I've always thought Rick Snyder was sneaky.  I suppose my view was arguable, even after passage of such things as the "right-to-work-for-less" law.  Some saw him as an outsider, one who could bring his mastery of business to bear fruit in government.  I guess that didn't work out so hot with the appointments of the emergency managers, esp in Flint and Detroit Public Schools.  There is an arrogance, of a different sort held by most politicians, an elitist view that his view is the only right one; opposing views are not allowed or at least tolerated.  But he's apparently become a politician.  A news article this AM showed that Snyder, if not encouraged, waited until a few hours before an expiration date to make a politically-motivated decision.  According to state law passed several years ago, a law advocated and promoted by none other than Rick Snyder, to downsize state government when some judicial positions expired, they were not to be renewed.  But a judge resigned four hours, four hours, before the expiration of the position.  That allowed the governor to appoint a new judge and the position doesn't die.  Hmmm......  This doesn't pass the smell test, not at all.  I thought Republicans favored smaller government, that is, fewer gov't positions.  I guess not, not if a Republican donor can get the appointment.  And what about the appointee?  According to the news article, he has no judicial experience and now is being appointed to the second highest court in Michigan.  I know a lot of people like the governor and what he's done.  Don't count me among them.

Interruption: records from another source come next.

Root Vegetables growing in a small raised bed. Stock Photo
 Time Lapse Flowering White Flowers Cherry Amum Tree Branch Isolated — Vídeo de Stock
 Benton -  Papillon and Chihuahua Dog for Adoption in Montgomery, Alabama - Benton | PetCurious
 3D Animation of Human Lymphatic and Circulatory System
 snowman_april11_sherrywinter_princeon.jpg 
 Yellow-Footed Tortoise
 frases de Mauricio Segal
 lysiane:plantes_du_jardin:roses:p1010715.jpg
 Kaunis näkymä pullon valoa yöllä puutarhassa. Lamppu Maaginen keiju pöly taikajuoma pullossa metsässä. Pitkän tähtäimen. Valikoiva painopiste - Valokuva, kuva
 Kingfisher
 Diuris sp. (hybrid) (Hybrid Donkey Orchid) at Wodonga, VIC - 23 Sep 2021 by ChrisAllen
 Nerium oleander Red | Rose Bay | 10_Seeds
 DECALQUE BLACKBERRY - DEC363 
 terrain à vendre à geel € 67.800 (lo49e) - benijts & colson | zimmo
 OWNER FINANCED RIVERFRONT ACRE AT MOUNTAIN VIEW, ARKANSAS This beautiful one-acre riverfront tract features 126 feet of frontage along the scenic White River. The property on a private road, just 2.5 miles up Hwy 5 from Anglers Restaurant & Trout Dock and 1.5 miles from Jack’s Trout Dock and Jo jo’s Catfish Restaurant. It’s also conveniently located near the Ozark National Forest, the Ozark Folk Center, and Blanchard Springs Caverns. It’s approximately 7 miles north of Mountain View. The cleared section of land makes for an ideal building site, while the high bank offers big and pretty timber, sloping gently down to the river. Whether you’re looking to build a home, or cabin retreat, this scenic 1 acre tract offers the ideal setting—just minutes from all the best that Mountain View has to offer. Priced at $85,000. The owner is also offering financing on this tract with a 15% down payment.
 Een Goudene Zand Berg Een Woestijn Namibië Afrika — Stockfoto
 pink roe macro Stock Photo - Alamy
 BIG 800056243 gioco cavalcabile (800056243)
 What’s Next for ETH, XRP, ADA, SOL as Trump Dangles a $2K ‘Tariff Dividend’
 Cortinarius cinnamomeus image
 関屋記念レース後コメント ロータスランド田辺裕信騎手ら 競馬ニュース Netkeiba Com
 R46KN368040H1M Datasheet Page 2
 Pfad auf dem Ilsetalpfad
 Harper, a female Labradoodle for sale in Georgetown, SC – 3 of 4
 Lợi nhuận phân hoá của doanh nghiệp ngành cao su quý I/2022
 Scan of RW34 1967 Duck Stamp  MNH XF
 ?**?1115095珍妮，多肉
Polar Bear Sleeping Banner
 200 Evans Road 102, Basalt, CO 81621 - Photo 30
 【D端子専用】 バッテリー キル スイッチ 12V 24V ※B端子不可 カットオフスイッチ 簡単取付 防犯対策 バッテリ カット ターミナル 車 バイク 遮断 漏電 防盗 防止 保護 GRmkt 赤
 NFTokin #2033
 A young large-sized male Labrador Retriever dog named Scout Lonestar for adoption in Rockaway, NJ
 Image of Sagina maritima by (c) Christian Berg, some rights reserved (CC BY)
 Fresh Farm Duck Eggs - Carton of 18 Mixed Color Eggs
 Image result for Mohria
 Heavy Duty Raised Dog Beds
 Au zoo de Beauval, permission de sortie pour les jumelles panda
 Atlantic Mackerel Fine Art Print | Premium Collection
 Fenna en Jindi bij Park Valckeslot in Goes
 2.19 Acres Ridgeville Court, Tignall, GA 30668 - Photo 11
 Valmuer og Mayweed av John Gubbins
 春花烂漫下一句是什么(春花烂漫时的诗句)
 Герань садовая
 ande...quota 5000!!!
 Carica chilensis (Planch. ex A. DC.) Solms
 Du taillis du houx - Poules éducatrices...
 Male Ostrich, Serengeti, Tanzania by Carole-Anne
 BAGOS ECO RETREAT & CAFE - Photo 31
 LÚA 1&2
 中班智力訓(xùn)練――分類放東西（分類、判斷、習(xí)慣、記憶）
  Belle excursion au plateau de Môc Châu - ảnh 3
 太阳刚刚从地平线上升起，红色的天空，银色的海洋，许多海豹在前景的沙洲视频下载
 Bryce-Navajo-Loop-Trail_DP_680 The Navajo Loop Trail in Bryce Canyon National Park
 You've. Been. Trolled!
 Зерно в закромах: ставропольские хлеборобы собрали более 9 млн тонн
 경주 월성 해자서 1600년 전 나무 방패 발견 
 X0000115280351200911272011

Talk of this came the other night, so I check it out.  Of course, kids don't play outside any more, well, not much.  A recent study showed that 6% of kids from 9 to 13 only played outside for an hour a week.  6%!!!!!!  Another study claimed kids today play outside only about half as long as kids did just 20 or so years ago.  Kids don't know how to play outside, not without adult supervision.  Some school districts, in NY I think, hired adults to come to recess to show kids how to play age-old games.  No, I can't make up this stuff.  I'd guess the consequences of this are not at all good and that the price for it will be paid in the near future.

I have no answer for this problem.  The end of 2016 brought a couple of murders in Detroit, with several others also shot, but not killed.  Early the AM of Jan 1, yep, two more people were killed there.  (Also unnerving is that these shootings came within a few miles of where I grew up, played and practiced ball, etc.  I know the streets well.)  Although official numbers won't be released until later this week, it appears there was an average of one murder a day in Detroit.  I didn't finish the article so I don't know why, but it suggested the numbers will be understated.  Chicago, esp the South and West sides, was apparently a war zone in '16.  More than 5,000 people were shot there, 1100 more than the year before.  On average, there were 2 or 3 killings a day!  Guns may or may not be the answer, although I suspect not.  Guns in Chicago, for instance, are illegal already.  Most of them are brought in illegally.  It seems more and more obvious that, somehow, someway, the culture has to be changed.  The belief that it's all right to just shoot somebody, for whatever reason, petty or not, has to be changed.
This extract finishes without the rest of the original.